- _Exercise goal_:
No pictures should appear in the copy; otherwise retype the entries exactly.

Scraped caption text data:

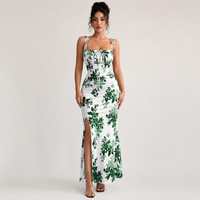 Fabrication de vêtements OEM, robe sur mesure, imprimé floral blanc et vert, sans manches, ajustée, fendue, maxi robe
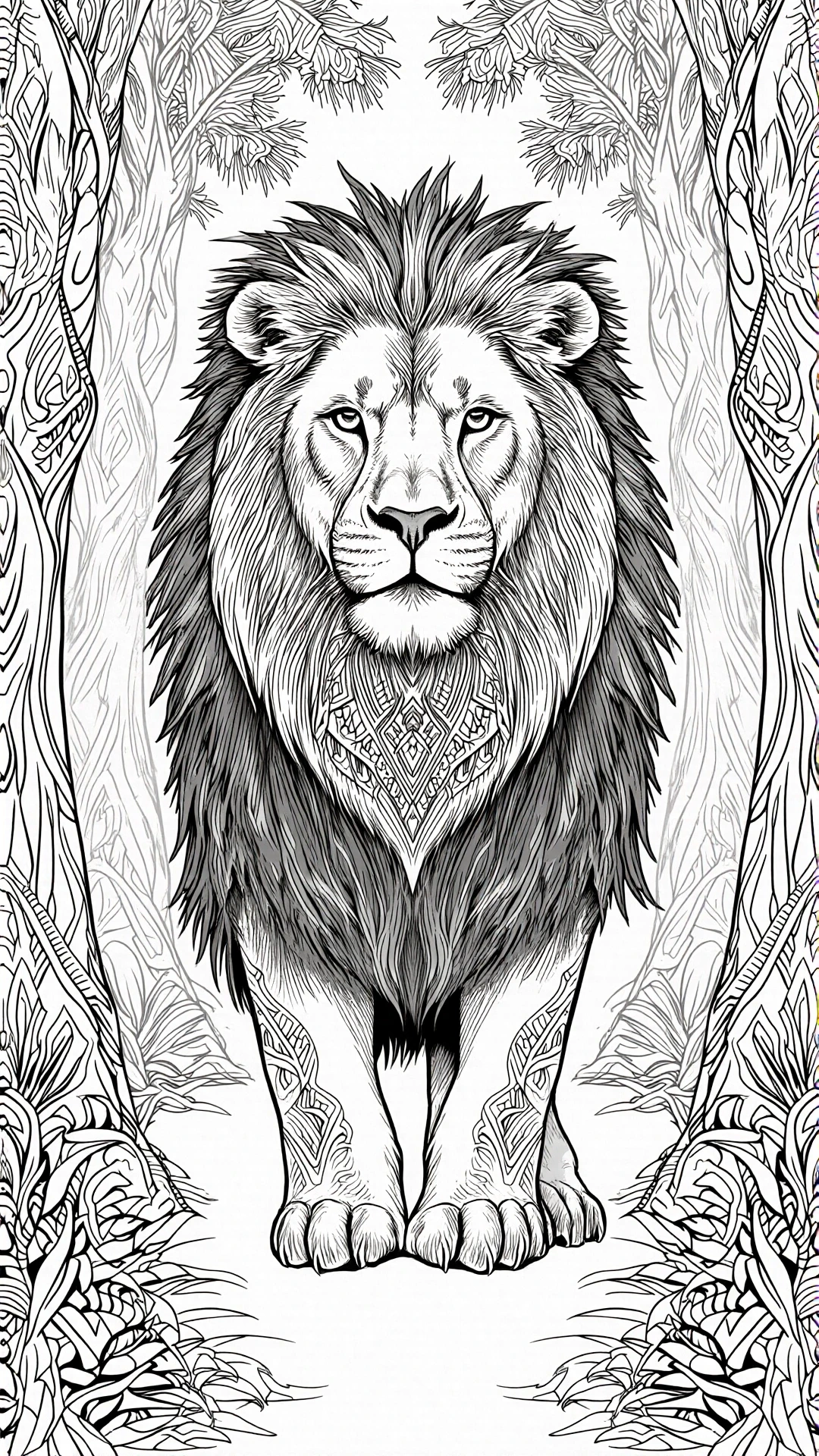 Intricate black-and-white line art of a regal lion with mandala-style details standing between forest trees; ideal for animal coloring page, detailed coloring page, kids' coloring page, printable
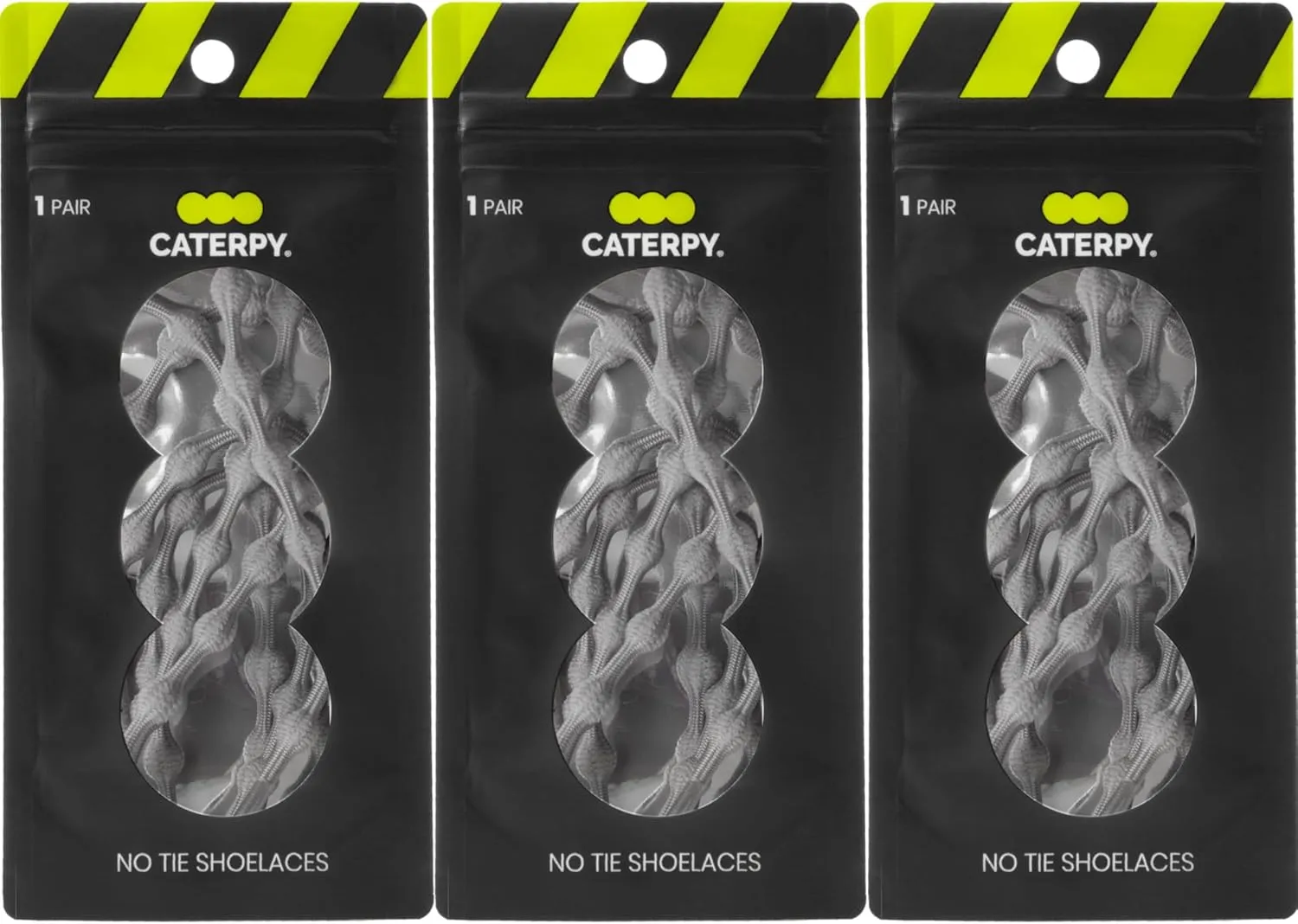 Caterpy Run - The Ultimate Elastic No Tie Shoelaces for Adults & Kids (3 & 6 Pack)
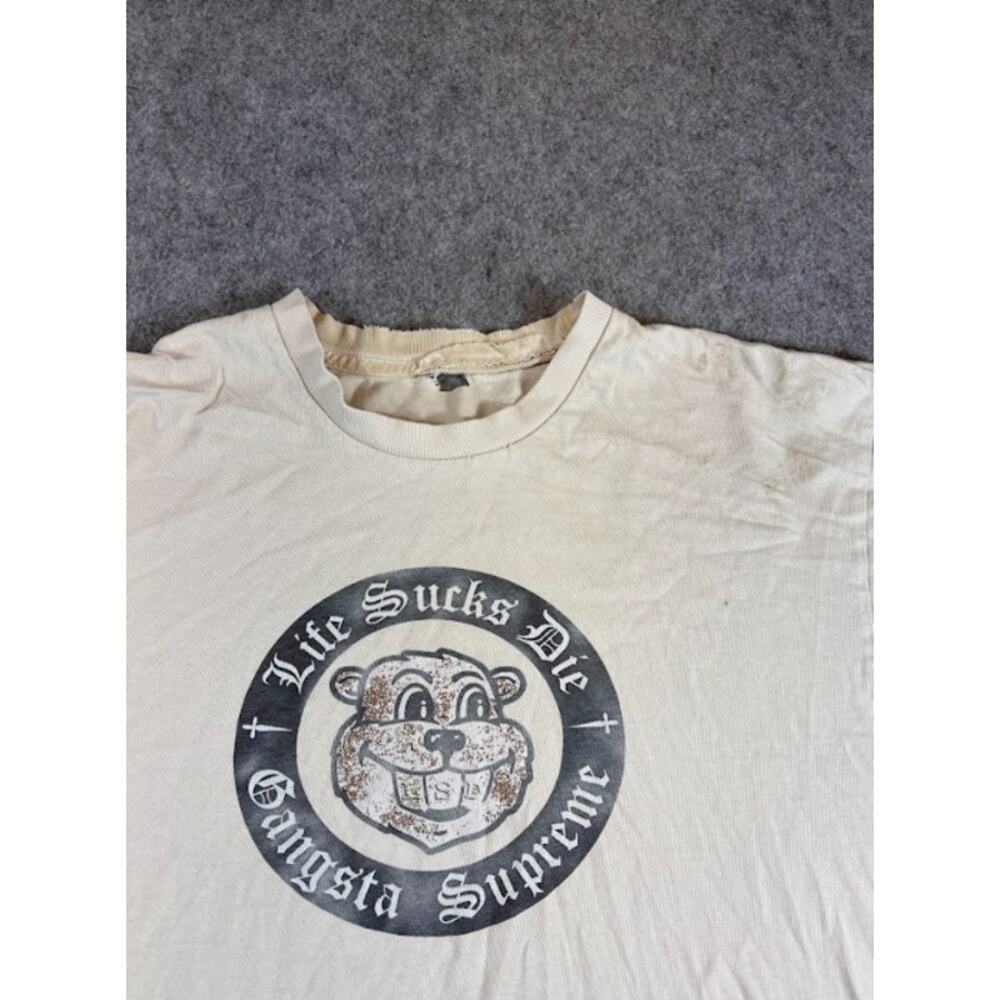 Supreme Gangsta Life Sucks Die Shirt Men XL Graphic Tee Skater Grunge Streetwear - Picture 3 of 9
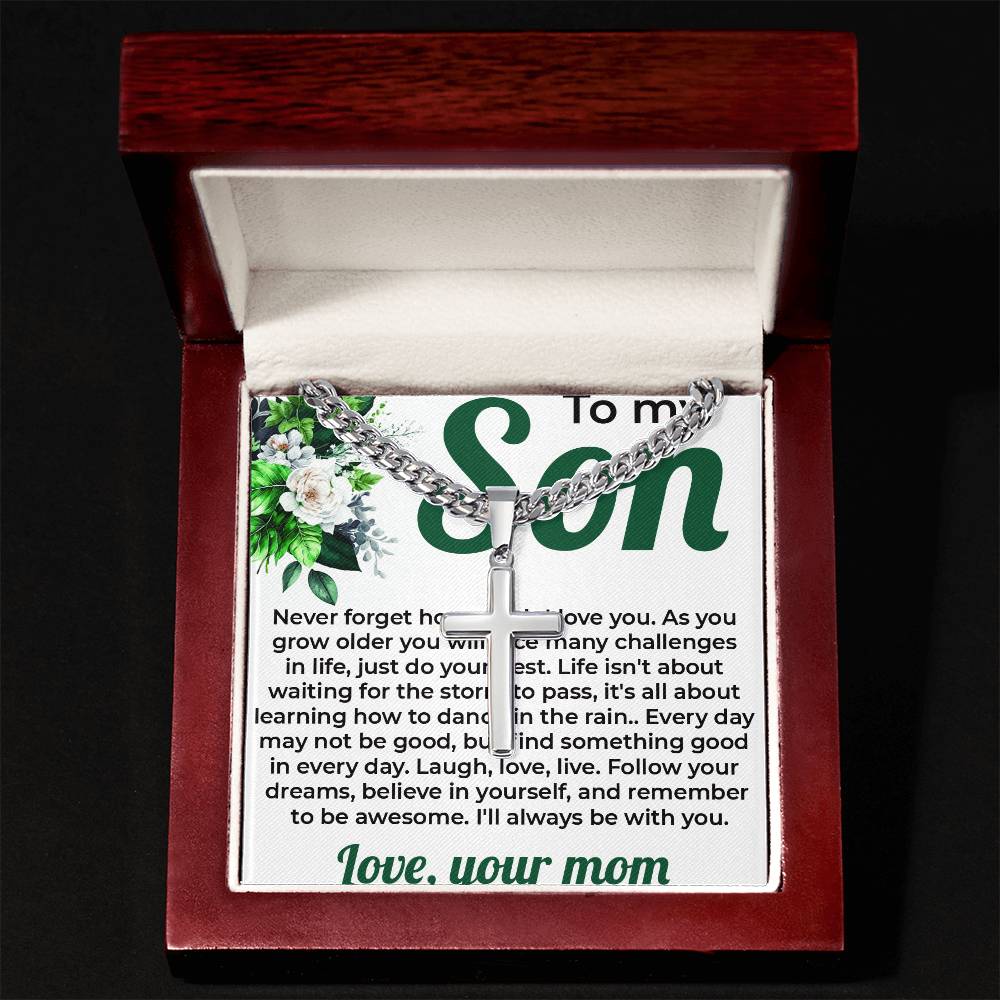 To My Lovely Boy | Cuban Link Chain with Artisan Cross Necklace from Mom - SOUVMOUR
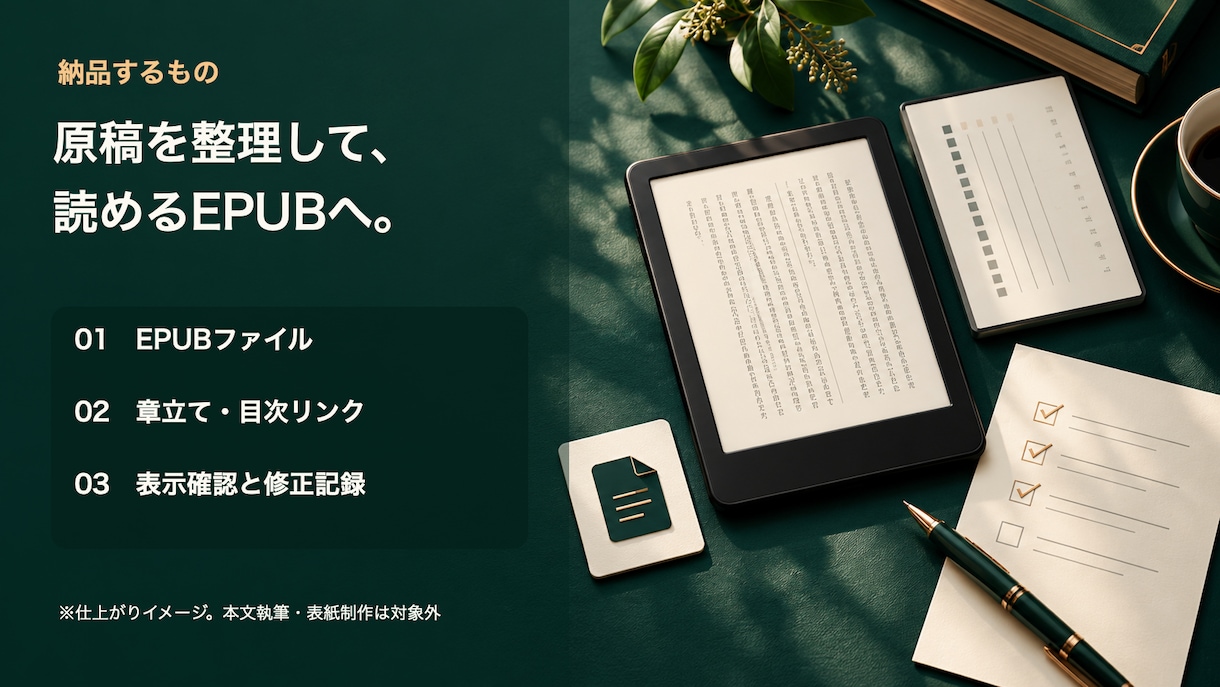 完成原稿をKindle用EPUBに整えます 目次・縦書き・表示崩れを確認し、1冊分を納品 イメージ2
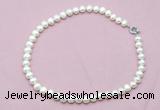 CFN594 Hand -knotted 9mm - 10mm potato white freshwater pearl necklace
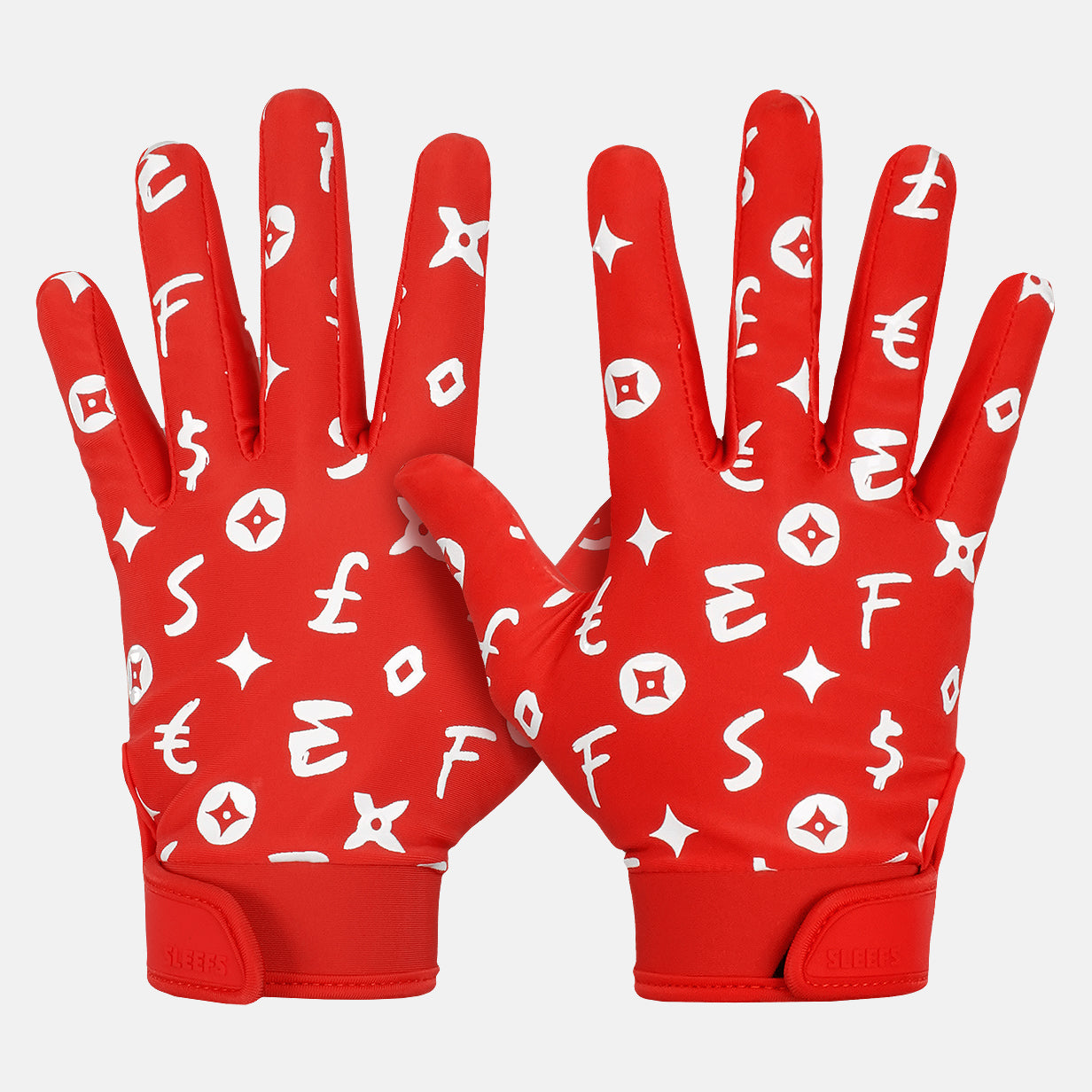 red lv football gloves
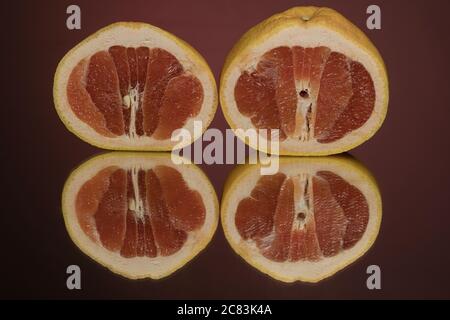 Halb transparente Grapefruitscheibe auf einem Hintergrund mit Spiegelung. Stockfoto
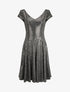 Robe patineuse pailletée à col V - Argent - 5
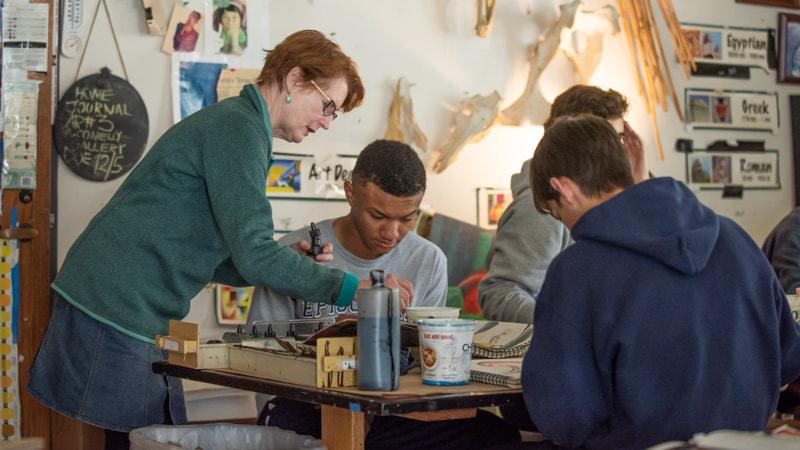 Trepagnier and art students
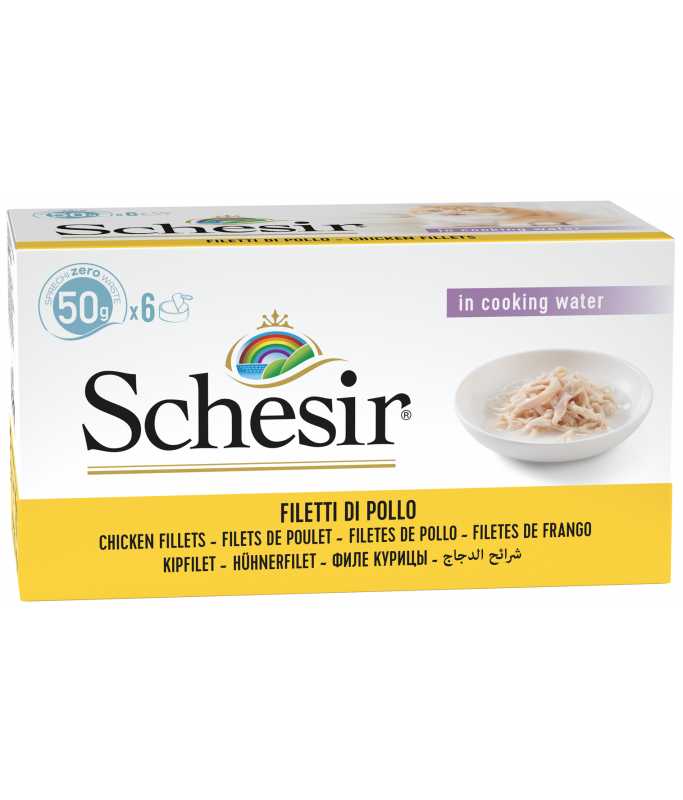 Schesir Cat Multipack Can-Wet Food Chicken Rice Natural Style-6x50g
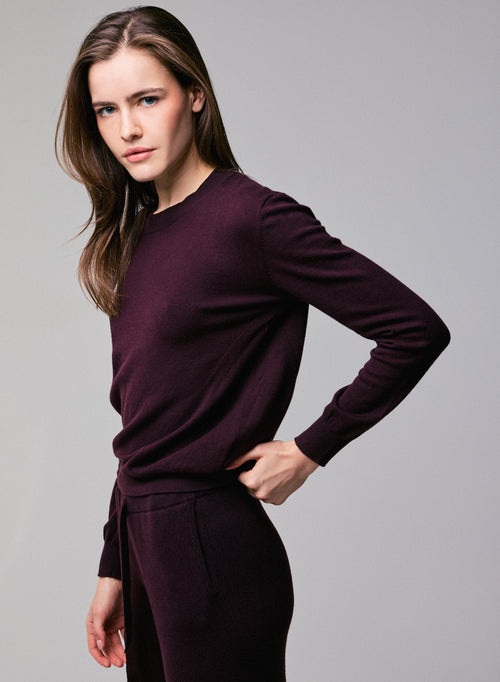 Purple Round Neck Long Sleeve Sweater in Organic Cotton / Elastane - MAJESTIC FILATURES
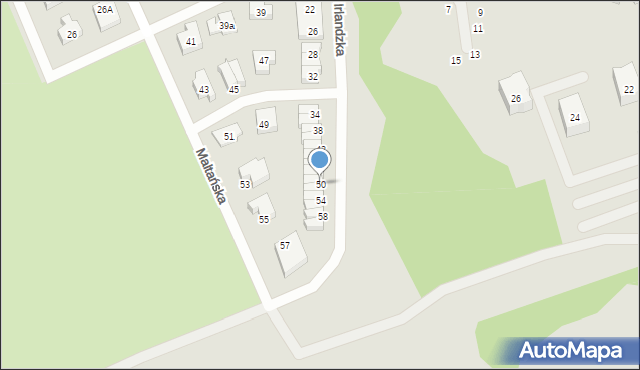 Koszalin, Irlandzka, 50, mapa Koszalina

- _Reply to the exercise_:
 Fabrication de vêtements OEM, robe sur mesure, imprimé floral blanc et vert, sans manches, ajustée, fendue, maxi robe
 Intricate black-and-white line art of a regal lion with mandala-style details standing between forest trees; ideal for animal coloring page, detailed coloring page, kids' coloring page, printable
 Caterpy Run - The Ultimate Elastic No Tie Shoelaces for Adults & Kids (3 & 6 Pack)
 Supreme Gangsta Life Sucks Die Shirt Men XL Graphic Tee Skater Grunge Streetwear - Picture 3 of 9
 To My Lovely Boy | Cuban Link Chain with Artisan Cross Necklace from Mom - SOUVMOUR
 完成原稿をKindle用EPUBに整えます 目次・縦書き・表示崩れを確認し、1冊分を納品 イメージ2
 CFN594 Hand -knotted 9mm - 10mm potato white freshwater pearl necklace
 red lv football gloves
 Halb transparente Grapefruitscheibe auf einem Hintergrund mit Spiegelung. Stockfoto
 Robe patineuse pailletée à col V - Argent - 5
 Trepagnier and art students
 Schesir Cat Multipack Can-Wet Food Chicken Rice Natural Style-6x50g
 Purple Round Neck Long Sleeve Sweater in Organic Cotton / Elastane - MAJESTIC FILATURES
 Koszalin, Irlandzka, 50, mapa Koszalina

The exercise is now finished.